Conversely, we can obtain the smallest positive float in the MuFP format with the μ method:

julia> μ(MuFP)0.25

Note that this value is a subnormal number, which is different and smaller than the smallest normal float, obtained by calling floatmin:

julia> floatmin(MuFP)1.0

Graphics with MicroFloatingPoints.MFPPlot

To better assess what we can do with such a small type, let us display all finite representable values on the real line. The Plot module has just the right method:

julia> using MicroFloatingPoints.MFPPlot
julia> real_line(-floatmax(MuFP),floatmax(MuFP));
Floatmu{2,2} representable finite values

Since the difference between any pair of MuFP is always greater or equal to μ(MuFP), it becomes apparent why the introduction of subnormal numbers (in purple in the picture above) ensures the property:

\[\forall (a,b)\in\text{MuFP}\colon |b-a| = 0 \iff a=b\]

Exhaustive search for rounded additions

The type MuFP is so small that we can easily perform exhaustive searches with it.
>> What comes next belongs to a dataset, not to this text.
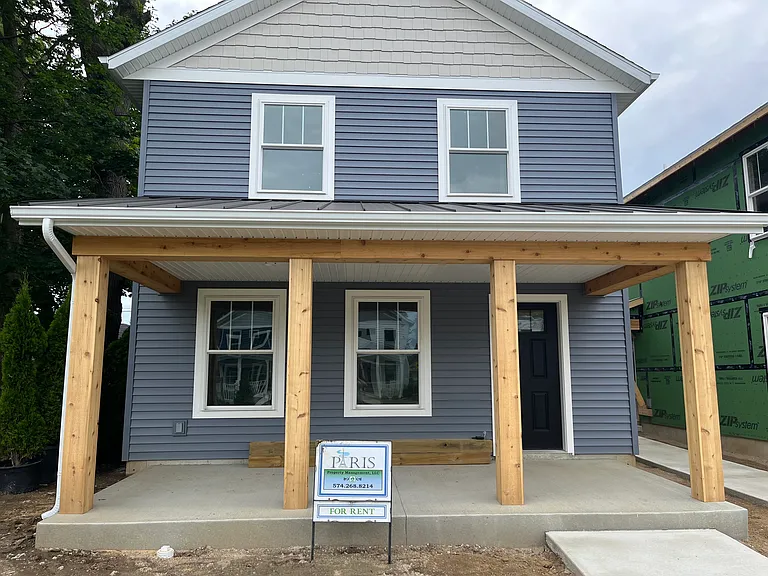 603 W Main St — Photo 2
For example, we can display graphically whether the sum of any two finite MuFP floats needs to be rounded or not, using the inexact() and reset_inexact() methods to, respectively, test whether the preceding computation needed rounding and to reset the global inexact flag:

plt.figure()
plt.title("Exhaustive search for rounded sums in Floatmu{2,2}")
TotalIterator = FloatmuIterator(-floatmax(MuFP),floatmax(MuFP))
N = length(TotalIterator)
Z = zeros(Int,N,N)
let i = 1
    for v1 in TotalIterator
        j = 1
        for v2 in TotalIterator
            reset_inexact()
            v1+v2
            Z[i,j] = Int(inexact())
            j += 1
        end
        i += 1
    end
end
V = collect(TotalIterator)
imshow(Z,origin="lower", cmap="summer")
plt.yticks(0:(length(V)-1),[string(V[i]) for i in 1:length(V)])
plt.xticks(0:(length(V)-1),[string(V[i]) for i in 1:length(V)],rotation=90);

Note the use of a FloatmuIterator to enumerate all floating-point numbers in a range.
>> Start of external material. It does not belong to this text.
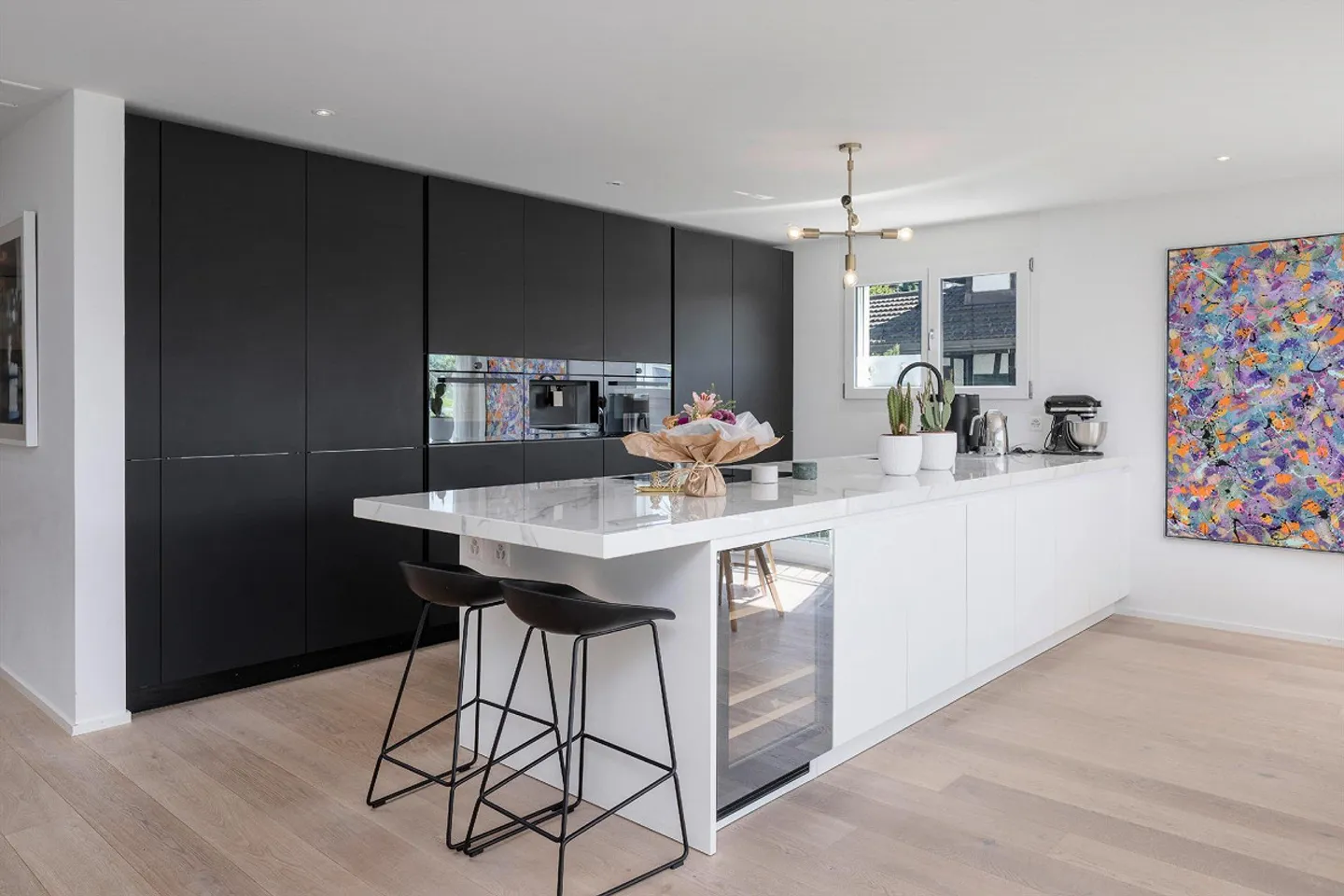 Appartement spacieux avec terrasse, style et confort - Photo 3 sur 10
We obtain the following matrix, where a green cell means that the sum of the values in row and column needs no rounding, while a yellow cell means that the result needs rounding to be represented by a Floatmu{2,2}.

Exhautive search for sums of Floatmu{2,2} needing rounding

Random floats with MicroFloatingPoints.MFPRandom

Let us now draw some BFloat16 floats uniformly at random in $[0,1)$. We will use the MicroFloatingPoints.MFPRandom module to overload the rand method for the type Floatmu.

using DataStructures
using PyPlot
using MicroFloatingPoints
using MicroFloatingPoints.MFPRandom

BFloat16 = Floatmu{8,7}

ndraws=1000000
plt.figure()
plt.title("Drawing $ndraws values at random in BFloat16[0,1)")
T = [rand(BFloat16) for i in 1:ndraws]
Tc = counter(T)

We can now display the number of times each float was drawn:

for x in Tc
    (k,v) = x
    plot([k,k],[0,v],marker=".",color="blue",alpha=0.5)
end
(low,high) = extrema(collect(values(Tc)))
plt.ylim(ymin=0.99*low,ymax=1.01*high)
Drawing values at random in BFloat16

Arithmetic with various precisions

The BFloat16 and Float16 formats both represent floating-point numbers with 16 bits. The BFloat16 trades precision for a larger range. Let us compare the results obtained when summing the values of a vector with both types:

BFloat16 = Floatmu{8,7}
MuFloat16 = Floatmu{5,10}
T64 = [rand() for i in 1:1000]
bfT16 = [BFloat16(x) for x in T64]
FT16 = [MuFloat16(x) for x in T64]
println(sum(T64))
println(sum(bfT16))
println(sum(FT16))
502.4140523517177
256.0
503.0

For small values in $[0,1)$, the effect of a smaller significand appears drastic. On the other hand, the small range of the type Float16 makes it useless for computation with medium to large numbers:

T64 = [rand(Uniform(min(floatmin(BFloat16),floatmin(MuFloat16)),
            max(floatmax(BFloat16),floatmax(MuFloat16))/100)) for i in 1:100]
bfT16 = [BFloat16(x) for x in T64]
FT16 = [MuFloat16(x) for x in T64]
println(sum(T64))
println(sum(bfT16))
println(sum(FT16))
1.791178754416783e38
1.767873234393938e38
Inf